A coutada dos vilões

Soft Cell, “Tainted Love/Where Did Our Love Go (Extended Version)”, in https://www.youtube.com/watch?v=q84psZX6MbA

A casa das causas: amamentam-se as ideias que fermentam (diz-se) com a espontaneidade de quem não precisa de causas. Os ossos fraturados curam-se. Os espasmos da alma esbarram no cais onde os carris se arrumam na ferrugem acogulada. O tempo empilhou-se e já não se sabe o que fazer com ele. As nuvens fazem lembrar coágulos que transtornam o dia.

A meio da luz, uns vultos açambarcam o dia. Talvez queiram a desfiliação do estrelato, mas a forma sombria deixa as pessoas perplexas, desconfiadas. Quem não está por mal não precisa de se disfarçar. Cercados pelas pessoas temerárias, os vultos arremetem, esbracejando palavras monstruosas que irão emagrecer o sono dos tementes. Falam de apocalipses certos e não transigem na esperança que costuma ser a âncora do futuro. Ameaçam com um lugar medonho se a redenção não for rogada. A vontade das pessoas à volta está amordaçada pelos vultos que adejam em forma de fantasmas. Interrogam-se se não é maldade pura. Se os vultos não são vilões.

As pessoas amedrontadas tentam virar o palco do avesso, querem esposar o esconderijo dos vilões. Um par de chaves gastas insiste na fechadura, que resiste. Desconfia-se que as chaves foram contrafeitas pelos vultos, intencionalmente. Para ninguém trespassar o seu esconderijo – os vilões têm o mesmo direito de levantar um perímetro à prova de forasteiros e de esconjurar as demandas que intuem a prescrição do seu feudo. Os vilões não querem deixar de sê-lo.

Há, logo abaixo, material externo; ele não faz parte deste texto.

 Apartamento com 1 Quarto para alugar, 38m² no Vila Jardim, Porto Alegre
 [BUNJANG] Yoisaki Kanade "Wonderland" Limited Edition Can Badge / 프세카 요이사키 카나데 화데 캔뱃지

A interminável conspiração do mal contra o bem mobiliza gerações, umas depois das outras. Deu o mote a livros inteiros e à filosofia moral. É preciso conspirar contra o mal para o que mal não conspire contra os valores que habitam na bondade. Só que ninguém tem a lucidez de saber, sem vieses, onde está o mal e o bem, o que é o mal e o bem. Não se erradique a hipótese de adulteração de valores: os tutores do bem, os que assim se situam, serem exímios praticantes do mal disfarçado de bem; e – quem sabe? – os consabidos embaixadores do mal serem embaixadores de uma bondade fora do radar.

Toda a causa tem a sua casa. Embaixada com direito de admissão reservado. Como a maldade que se veste com a indumentária da bondade e a bondade que é um refúgio para fingir a maldade. 

Ainda está por saber do paradeiro dos vilões.